Butterfly City is a noble attempt to tell the story of Visaginas, it just lacks energy and spirit, much like the city itself.
Direction
Cinematography
Score
Story
Reader Rating0 Votes
3

Anyone who has travelled and studied or worked in a foreign country has, at one time or another, felt the pangs of homesickness. A gnawing feeling of anxiety, mild as it may be, about being far away from the place you grew up in, from the comfort and safety of wherever you call home. Visaginas is an accidental case study in what would happen if an entire city were to experience those feelings of anxiety simultaneously.

Built just 40 something years ago in Lithuania, Visaginas was to be a gateway between the USSR and western Europe, marrying the best of both cultures.

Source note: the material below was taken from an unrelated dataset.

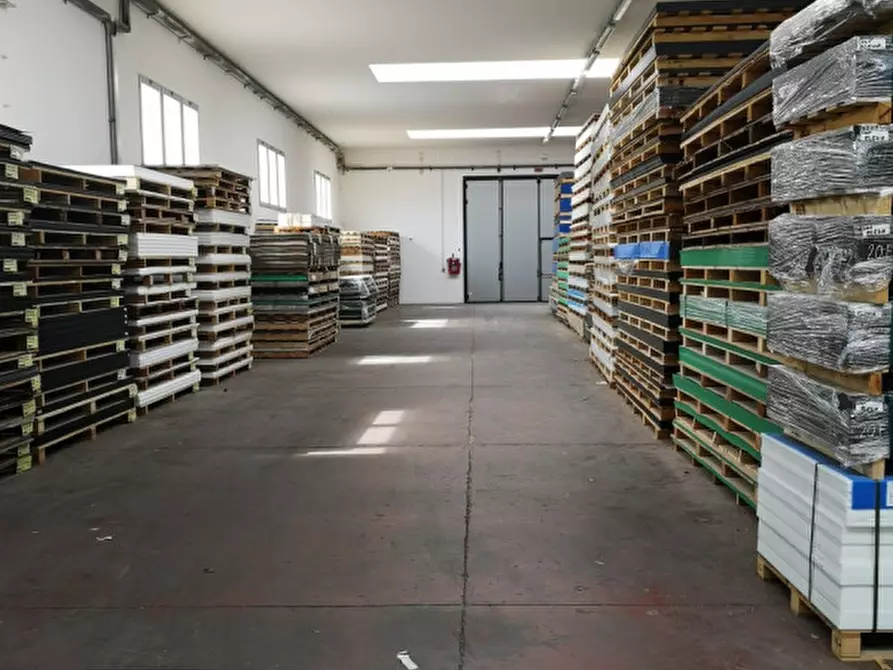 Immagine 1 di Capannone industriale in affitto  in Via Delle Industrie a Sant'elena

An entire city constructed with a colossal nuclear power plant at its epicentre, populated by Russian migrant workers and designed in the shape of a butterfly. Fast forward in time and Lithuania has gained independence from Russia. One of the conditions of the country joining the EU was that the nuclear power plant had to go. Overnight, 5,000 Russians found themselves unemployed. As many as 30,000 more felt the impact as the main source of income in the city began to shut down. They became stranded in a city with no prospects, in a country where the seeds of mistrust of Russians had long since been sown.

Butterfly City

A native Lithuanian born to Russian parents, director Olga Černovaitė felt that the story of Visaginas was one that needed to be told and from her time there interviewing some of its citizens, Butterfly City was created. At it’s best it’s a tale of identity and disenfranchisement. Of how important a sense of belonging can be and what can happen when someone is stripped of that. While the characters who pop up along the journey are certainly interesting enough to want to delve into, the film doesn’t tell their story in as meaningful a way as it could, barely scratching the surface of the emotional impact of their predicament.

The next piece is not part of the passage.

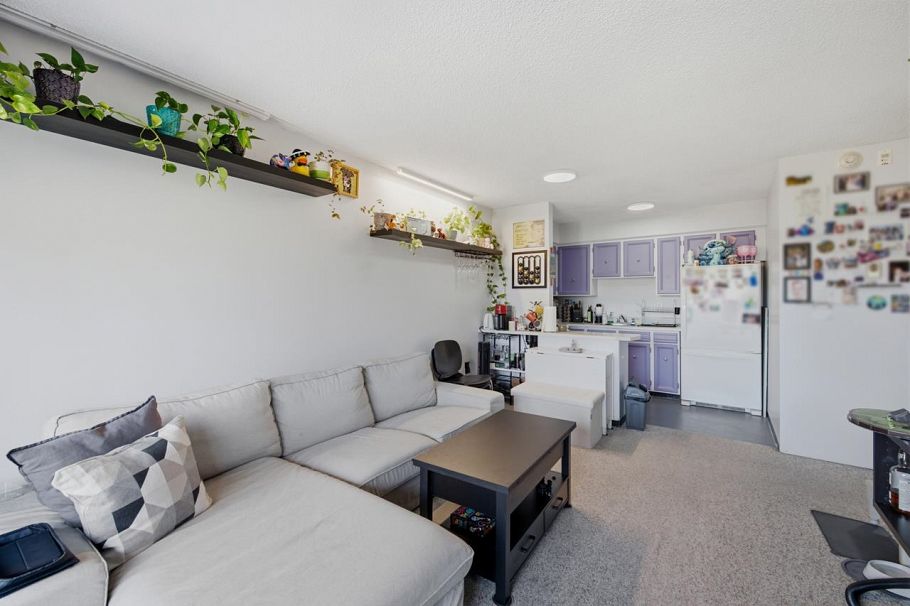 209 2120 W 2nd Avenue Vancouver, BC - 4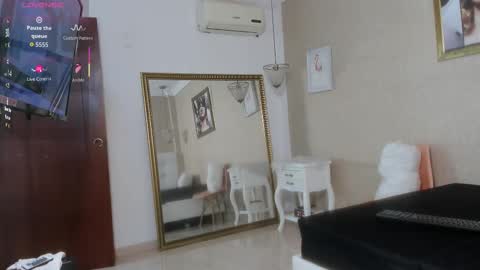 miladiosa online show from 15, 9, 2025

The film as a whole could benefit from being pared down and there’s a sense that it may have been a more coherent and intimate piece if the stories of all the characters were told as a series of individual vignettes. Butterfly City is disjointed and uneven, lacking any real drama or impact and it’s a shame because there is undoubtedly some fantastic raw material there and Olga Černovaitė has done fantastic work in unearthing the story of the rise and decline of life there.

Visaginas is a genuine oddity, a place that was built by one generation of workers whose own kids are currently employed in shutting it back down. It’s a relic of political change and upheaval; a quietly decaying indictment of how the demise of the USSR has led to some it’s former citizens feeling abandoned and hopeless. Butterfly City is a noble attempt to tell the story of Visaginas, it just lacks energy and spirit, much like the city itself.